10 Movies That Completely Reinvent The Books They’re Based On
Sometimes the best way to faithful to the book is to delete everything and start again.
There are many ways to adapt a book into a movie and it’s rare to see a film that doesn’t deviate from its source material in one way or another.
Characters get cut or replaced. Events in the plot get moved around or reimagined. Stories get streamlined. Subplots get jettisoned. Titles get changed. Sometimes Muppets get added. It's a very broad spectrum.
Fundamentally though, the central thrust remains more or less the same. After all, a screen adaptation is usually a way to tell the same story or make the same point in a different way. And the whole point of adapting - at least in Hollywood's eyes - is capturing an already engaged audience to sell more tickets. If you start changing things, all you do is annoy them.
But that's not always the case and it's not so for these ten films. Sometimes, filmmakers feel that the best way to stay true to the spirit of the book they’re adapting is to completely change everything. It's a bold choice, let's see how it plays out...
10. Naked Lunch
William Burroughs’ 1959 novel Naked Lunch is an obscene, psychedelic incantation, a hypnotic and challenging mixture of science fiction and surrealism that relentlessly assaults the senses. It's a singularly strange beast, written over a period of intense heroin use. It pioneered Burroughs' 'cut-up' technique, a kind of experimental collage that constructed surreal, incoherent, borderline unreadable passages.

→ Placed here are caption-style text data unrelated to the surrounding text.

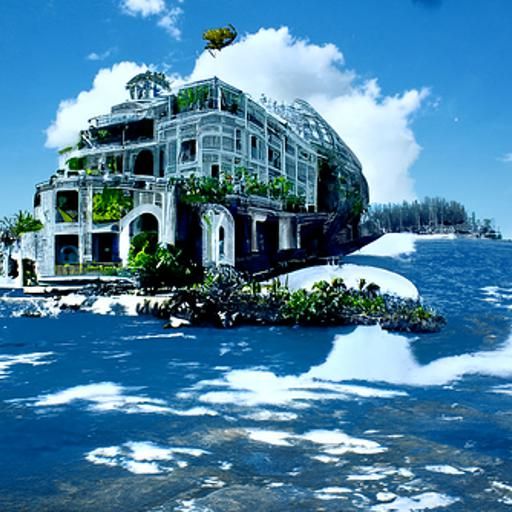 Floating Ocean Palace Home of King Manatee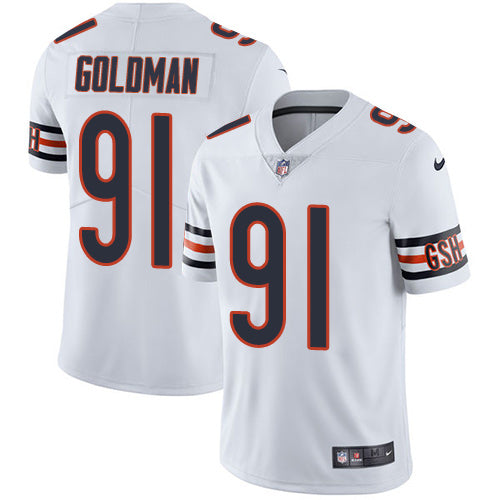 Nike Chicago Bears 91 Eddie Goldman White Mens Stitched Nfl Vapor Untouchable Limited Jersey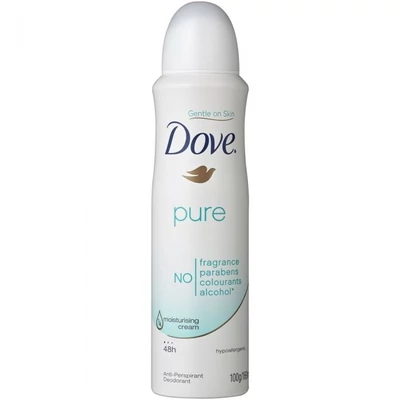 Dove dezodor 150ml Pure (6db/#)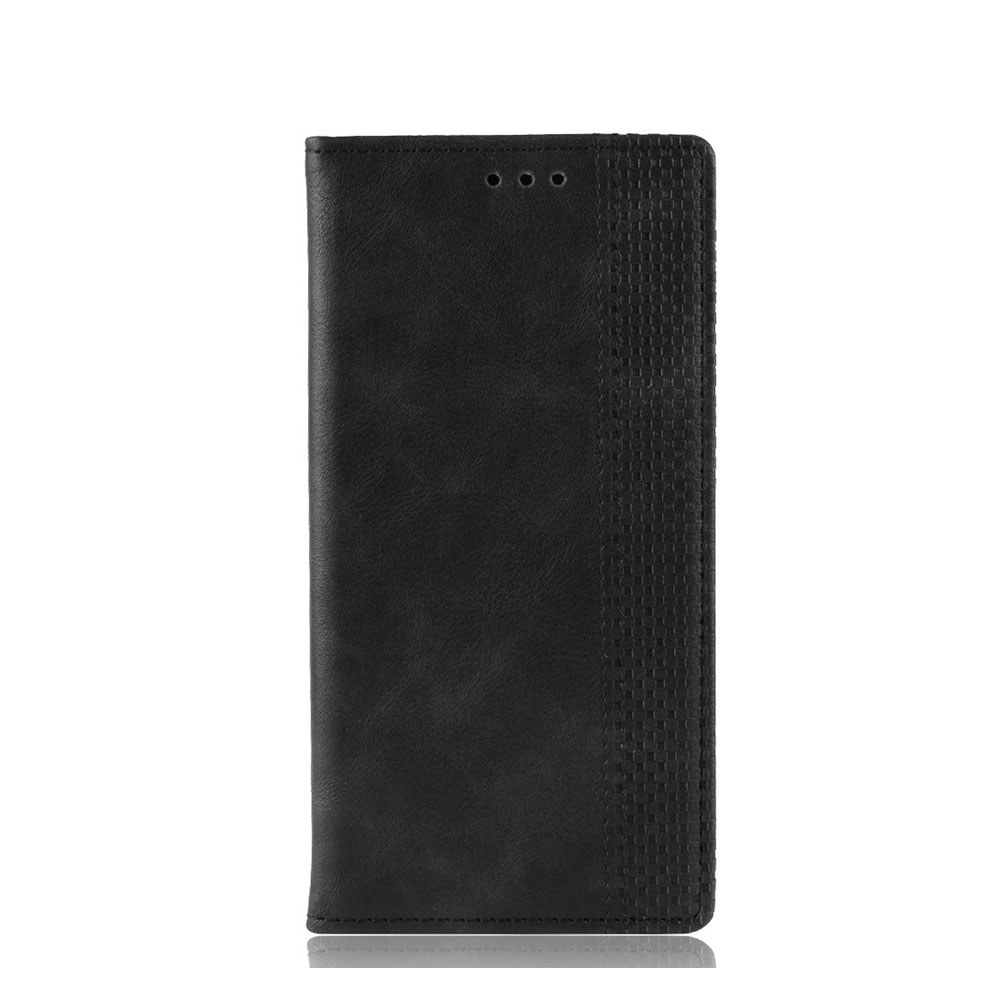 Image of Huawei P30 Pro New Edition / P30 Pro Vintage Leder Tasche Flip Cover Fashion Design - Schwarz bei Apfelkiste.ch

Its plot is non-linear, and its chapters can be read in any order you like. Its central themes - sexuality, drug use, and the extermination of all rational thought - are weird and taboo. Its portrayal of homosexual acts and opiate addiction led to it being seized by the US government as an obscene publication. There are plenty of reasons that it was long considered fundamentally unfilmable.
Enter David Cronenberg, who reimagined it in 1991 as a heady mix of hallucination, creature horror, and biopic. The movie combines several iconic moments from the book with moments from Burroughs' life, and turns the writing of the book into the film's major story.
Crazily, even though the film features mugwumps - pale, disturbing, humanoid creatures who are 'milked' by drug addicts - and typewriters that transform into horny insects, the scenes from the book aren't the most bizarre.
Emphasising Burroughs' career as an insect exterminator and the accidental killing of his wife during a 'William Tell routine', some of the most shocking moments in the film come from Burroughs' own life. Who knew that you could make a book as unhinged and nightmarish as Naked Lunch even weirder by adding elements from real life?